Adventure’s gung-ho World War 2 tag line neatly sums up this gem of a yarn: “It wasn’t Captain Hardiman’s fault that the SEA THRUSH got caught at Bergen in the Spring of ‘40, just as the Nazis decided to stab Norway in the back. All he wanted to do was unload his ship and get out of there – but if he could gum the works for the Germans in the getting , that was all right, too. He had his own ideas about how ‘neutrals’ ought to behave.” Wolfe’s tale is told epistolary style in a series of telegrams, letters, and notes penned/sent by a cast of characters including the SEA THRUSH’s stubborn Yankee captain, the U.S. consul in Bergen, U.S. State Dept. officials back in Washington, D.C., Norwegian military officers, various Nazis and even a quisling Norwegian ship’s agent in Bergen who tries (unsuccessfully, thanks to the afore described stubborn Yankee ship master) to gain control of the THRUSH’s valuable cargo for the Nazi war machine.

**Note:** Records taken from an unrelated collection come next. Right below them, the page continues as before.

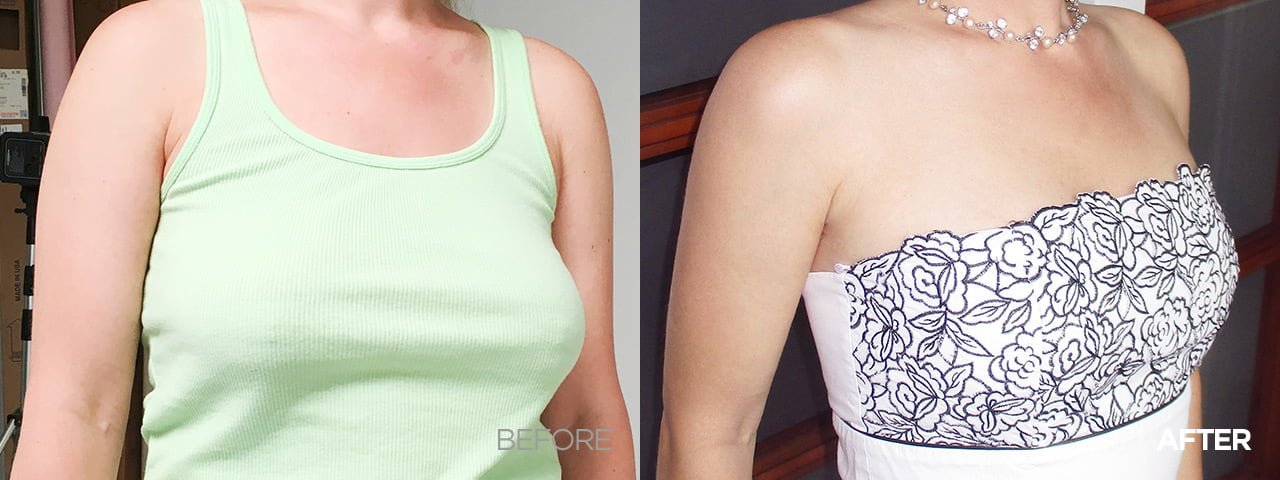 before after breast lift korea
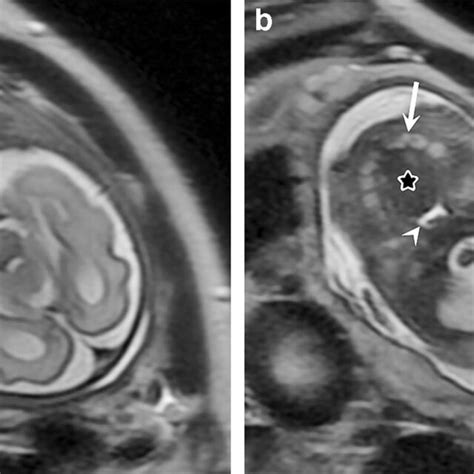 Normal T2 W Axial Airway Images In A 31 Week Fetus A Axial T2 W MR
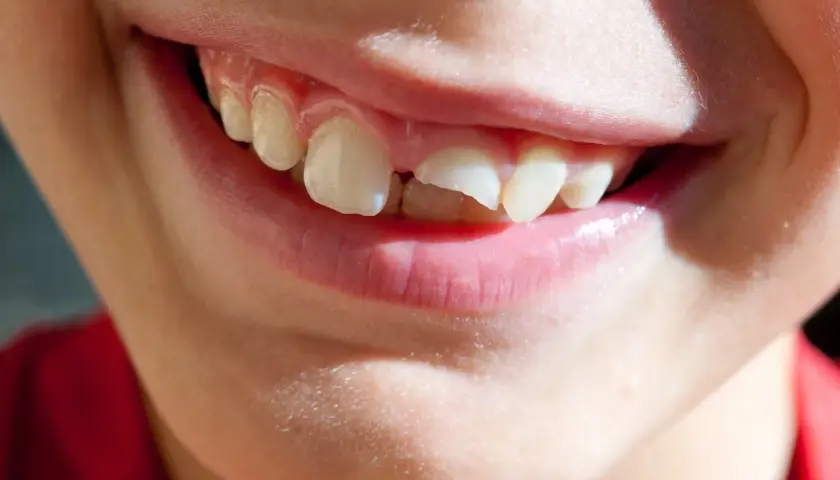 Sorriso di bambino con un dente spezzato, un piccolo incidente che non ferma la gioia.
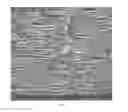 Fig. 08 - Thermoformed article formed from a porous polymeric sheet
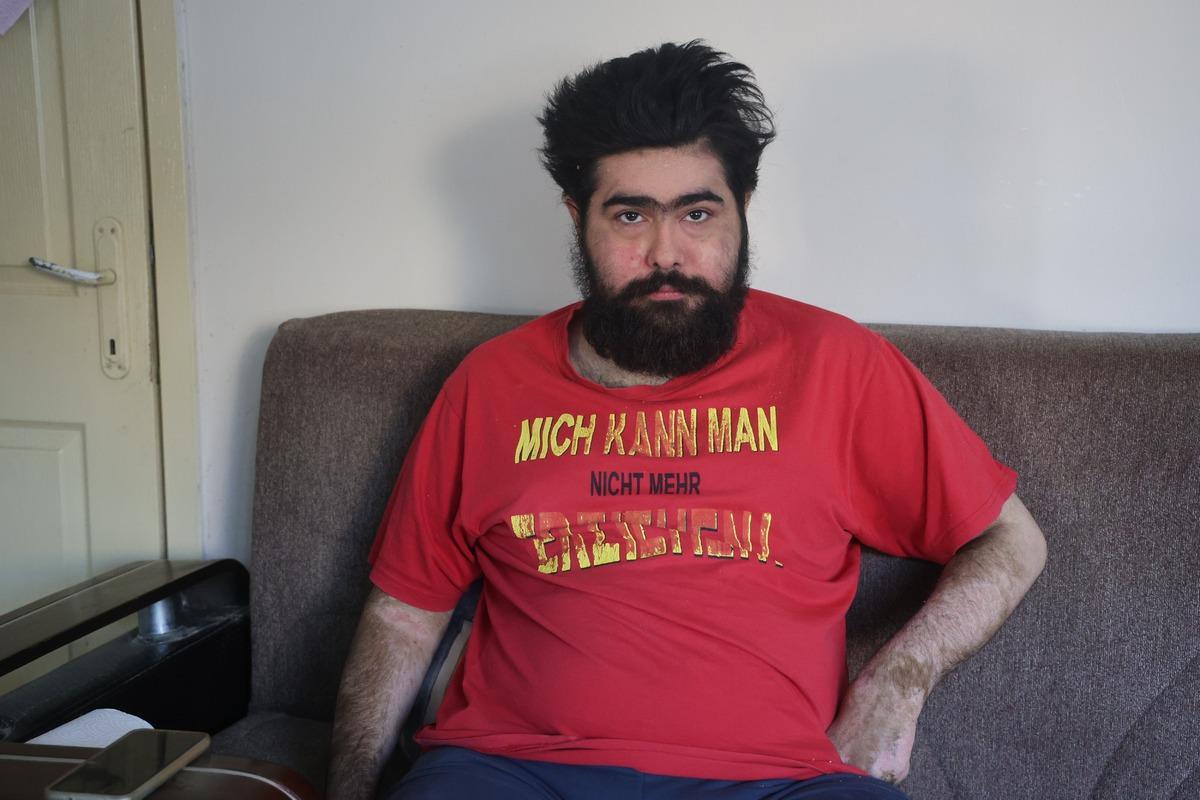 3 yıl sonra duş alıp, tıraş olan Barış tedaviyi reddetti: Son hali ortaya çıktı 1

As noted in a profile of author Wolfe which accompanied the Adventure short story, “Reese Wolfe’s ‘Slow Bell’ is no figment of a fictioneer’s imagination.” The profile goes on to describe how Wolfe was approached in real life by the president of the McCormick Steamship Company who gave him access to company files documenting the true experiences of the freighter CHARLES R. McCORMICK and her captain in Bergen during the 1940 invasion of Norway by Nazi Germany. The McCORMICK was one of three U.S-flagged ships trapped in Norway during the Spring of 1940, all subsequently escaping by virtue of American neutrality, though in real life the McCORMICK’s cargo was commandeered by Nazi forces (unlike that of her fictitious counterpart, the SEA THRUSH).